[Web page caption snippets]
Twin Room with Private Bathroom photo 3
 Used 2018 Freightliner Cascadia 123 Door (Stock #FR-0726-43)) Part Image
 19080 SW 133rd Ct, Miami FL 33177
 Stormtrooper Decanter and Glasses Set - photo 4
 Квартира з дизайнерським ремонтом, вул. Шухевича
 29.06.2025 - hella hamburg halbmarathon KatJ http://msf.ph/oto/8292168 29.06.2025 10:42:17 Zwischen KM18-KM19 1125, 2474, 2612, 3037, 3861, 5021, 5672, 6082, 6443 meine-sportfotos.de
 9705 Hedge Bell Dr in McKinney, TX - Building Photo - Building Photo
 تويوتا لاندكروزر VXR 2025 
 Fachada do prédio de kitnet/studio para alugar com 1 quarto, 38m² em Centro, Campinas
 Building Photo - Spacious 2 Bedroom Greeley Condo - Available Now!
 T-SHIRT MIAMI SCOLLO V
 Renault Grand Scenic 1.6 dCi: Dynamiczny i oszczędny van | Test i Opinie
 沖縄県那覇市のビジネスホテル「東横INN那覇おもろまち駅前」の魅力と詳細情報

- [WORK TASK] The lines wanted are those from the one with "T-SHIRT MIAMI SCOLLO V" through the last line of the records, repeated exactly and with both ends included.

- [RESPONSE]
 T-SHIRT MIAMI SCOLLO V
 Renault Grand Scenic 1.6 dCi: Dynamiczny i oszczędny van | Test i Opinie
 沖縄県那覇市のビジネスホテル「東横INN那覇おもろまち駅前」の魅力と詳細情報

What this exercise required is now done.